Our Appalachia leans into folk traditions like textiles, but it also asks the question of why this type of work is considered craft and not fine art. To me, the show’s standout was painter Wilhelmina McWhorter’s two works, “Dantesque” and “Lucky You.” Wilhelmina is one of those artists who looks like their art, the balance of unapologetic-ness and subtlety in her paintings also conveyed in the way she carries herself.

“I look at shadows as space rather than places without light,” she said. In her paintings, shadows seem to dance and undulate. The figures in “Dantesque” blur and become almost animalistic, pairing with the supernatural and uncanny masks from the Fasnacht festival in Helvetia, WV, by Aira and Corrina Loren. Wilhelmina’s “Lucky You”is a mesmerizing piece that I felt got at something essential about Our Appalachia, though it’s a portrait without direct ties to Appalachian culture and history. The painting is a striking image of a woman from below, her eyes looking somewhere away from you, her hair illuminated in fluorescent pink. It brings to mind Stacy Kranitz’s photographs of women, claiming female sexuality while not appearing sexualized.

“The painting is based on a photo of my friend who had a tattoo on her pubic bone saying ‘lucky you’ for whoever got to bed her,” Wilhelmina said. “I love portraits for the same reason I love street photography.
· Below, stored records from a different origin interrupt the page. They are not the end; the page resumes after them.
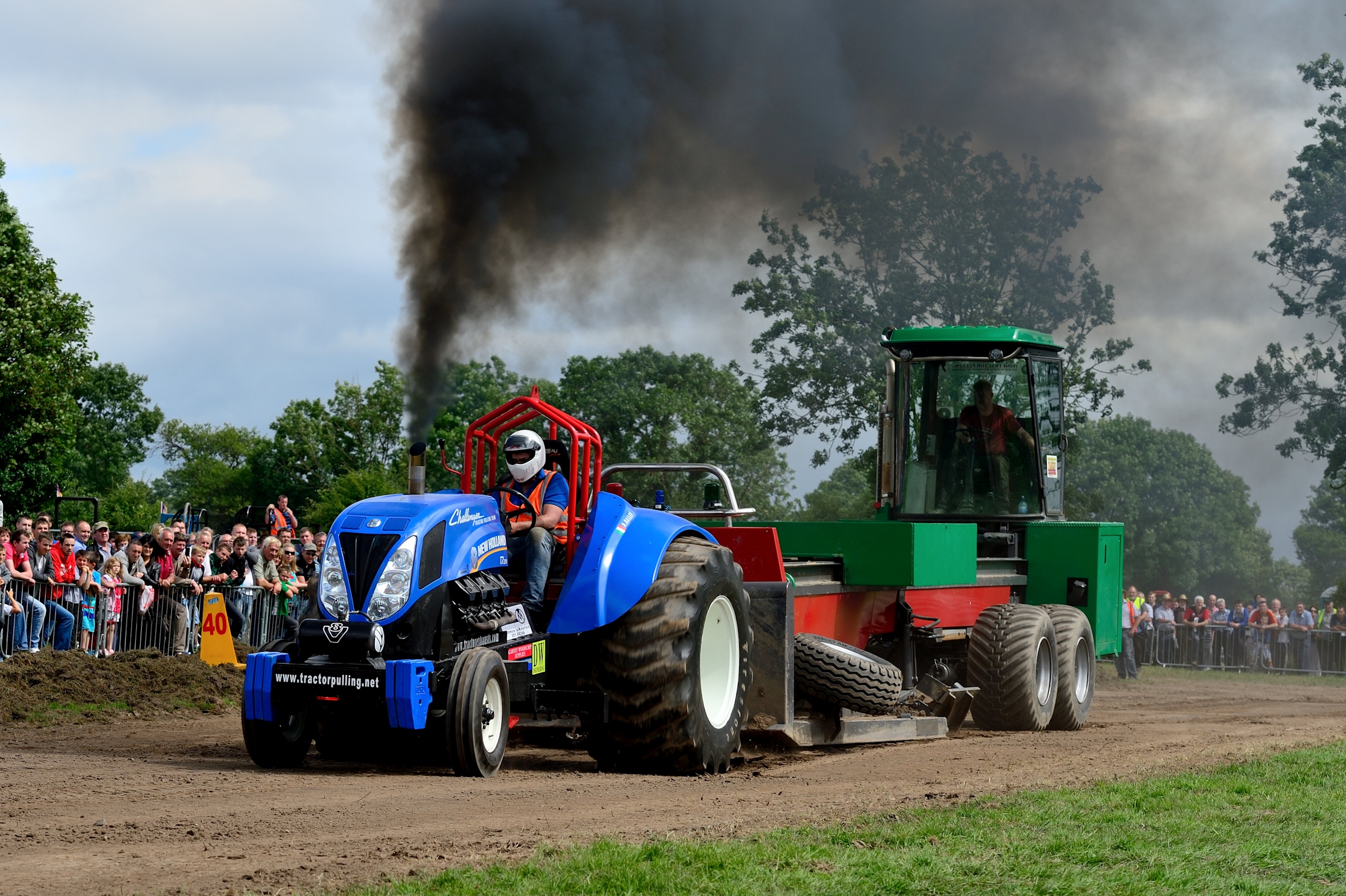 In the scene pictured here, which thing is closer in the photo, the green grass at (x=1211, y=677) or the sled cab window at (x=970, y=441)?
the sled cab window at (x=970, y=441)

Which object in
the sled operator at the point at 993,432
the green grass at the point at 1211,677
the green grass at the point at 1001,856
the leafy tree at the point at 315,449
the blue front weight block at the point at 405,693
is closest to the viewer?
the green grass at the point at 1001,856

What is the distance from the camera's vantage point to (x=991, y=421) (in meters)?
13.5

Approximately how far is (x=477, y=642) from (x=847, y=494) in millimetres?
74638

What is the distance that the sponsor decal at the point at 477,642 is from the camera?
7875mm

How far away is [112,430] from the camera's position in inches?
2689

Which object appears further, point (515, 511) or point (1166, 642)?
point (1166, 642)

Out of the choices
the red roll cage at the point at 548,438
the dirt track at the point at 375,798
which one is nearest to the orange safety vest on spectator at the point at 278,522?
the dirt track at the point at 375,798

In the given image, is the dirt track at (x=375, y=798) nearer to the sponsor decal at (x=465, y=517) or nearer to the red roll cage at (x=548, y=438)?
the sponsor decal at (x=465, y=517)

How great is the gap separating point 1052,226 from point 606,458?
21371 mm

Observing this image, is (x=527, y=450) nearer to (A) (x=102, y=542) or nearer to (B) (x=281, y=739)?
(B) (x=281, y=739)

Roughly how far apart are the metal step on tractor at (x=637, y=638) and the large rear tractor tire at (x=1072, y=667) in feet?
0.08

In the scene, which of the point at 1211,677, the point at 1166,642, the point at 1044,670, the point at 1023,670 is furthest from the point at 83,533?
the point at 1166,642

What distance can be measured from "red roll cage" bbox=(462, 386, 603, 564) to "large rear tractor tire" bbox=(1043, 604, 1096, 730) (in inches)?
205

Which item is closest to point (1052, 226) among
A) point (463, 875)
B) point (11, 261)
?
point (11, 261) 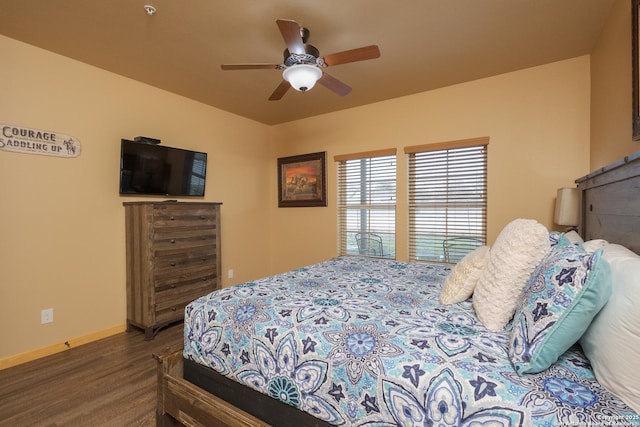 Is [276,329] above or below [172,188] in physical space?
below

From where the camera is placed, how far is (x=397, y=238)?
359 centimetres

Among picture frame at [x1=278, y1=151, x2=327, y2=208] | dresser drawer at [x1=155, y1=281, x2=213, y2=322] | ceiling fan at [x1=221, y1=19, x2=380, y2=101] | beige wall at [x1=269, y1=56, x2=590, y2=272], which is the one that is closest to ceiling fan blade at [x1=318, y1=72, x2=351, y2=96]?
ceiling fan at [x1=221, y1=19, x2=380, y2=101]

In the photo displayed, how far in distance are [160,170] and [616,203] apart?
3.73m

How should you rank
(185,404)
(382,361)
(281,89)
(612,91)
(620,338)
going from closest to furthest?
(620,338) → (382,361) → (185,404) → (612,91) → (281,89)

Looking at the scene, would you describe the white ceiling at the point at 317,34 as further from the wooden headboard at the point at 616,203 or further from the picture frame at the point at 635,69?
the wooden headboard at the point at 616,203

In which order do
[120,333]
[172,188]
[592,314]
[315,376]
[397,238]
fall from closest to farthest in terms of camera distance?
[592,314] < [315,376] < [120,333] < [172,188] < [397,238]

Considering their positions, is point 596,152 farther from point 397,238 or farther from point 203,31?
point 203,31

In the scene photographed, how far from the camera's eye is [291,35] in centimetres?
175

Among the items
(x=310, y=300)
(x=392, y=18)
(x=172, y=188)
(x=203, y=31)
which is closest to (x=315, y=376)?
(x=310, y=300)

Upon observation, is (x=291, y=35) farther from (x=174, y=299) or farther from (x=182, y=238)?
(x=174, y=299)

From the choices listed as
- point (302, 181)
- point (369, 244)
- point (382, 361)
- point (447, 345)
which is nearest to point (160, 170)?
point (302, 181)

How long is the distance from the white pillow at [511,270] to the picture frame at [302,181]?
9.78 feet

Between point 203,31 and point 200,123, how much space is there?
1.62 m

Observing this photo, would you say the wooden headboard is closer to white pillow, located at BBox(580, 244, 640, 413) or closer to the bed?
the bed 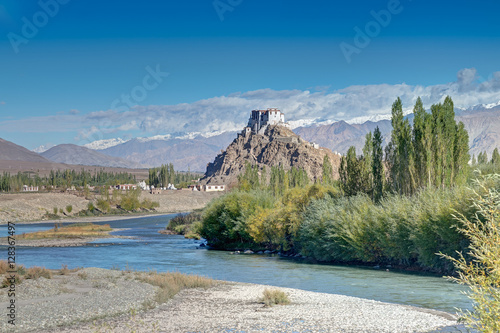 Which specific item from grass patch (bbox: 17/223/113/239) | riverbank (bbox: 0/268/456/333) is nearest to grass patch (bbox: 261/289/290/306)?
riverbank (bbox: 0/268/456/333)

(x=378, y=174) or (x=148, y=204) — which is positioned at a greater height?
(x=378, y=174)

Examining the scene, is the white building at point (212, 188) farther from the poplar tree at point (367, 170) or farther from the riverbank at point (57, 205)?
the poplar tree at point (367, 170)

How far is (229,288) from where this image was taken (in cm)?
2767

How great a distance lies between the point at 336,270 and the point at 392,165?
1286 centimetres

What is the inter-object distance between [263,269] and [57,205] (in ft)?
316

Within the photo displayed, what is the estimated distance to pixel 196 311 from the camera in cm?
2144

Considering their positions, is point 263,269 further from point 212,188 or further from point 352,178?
point 212,188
People can be dismissed as normal, but you catch them in a rêverie and they show that to you.”

Living and working in Appalachia as an outsider has challenged me and shaped me for the better. I grew up in New York City, albeit in a working class, multiracial community that is a side of New York few outsiders engage with. I can relate to feeling that one’s home is misunderstood and twisted into a one-note talking point rather than a real place with real people in it. Appalachia is a place with poverty and suffering in it — just as many other places have, too — and denying that truth is an oversimplification. But one of the central tenets of Appalachian culture is to respond to times of suffering with care. More than any other region in the United States, Appalachia has a culture of hospitality, even when people have very little. That hospitality builds toughness that gets people through difficult times. Like the weaving works in Our Appalachia, the region is a tapestry, with frayed ends and rips and tears in it, but also a profound ability for repair. At times it’s messy, but as the title of the show suggests, it’s ours.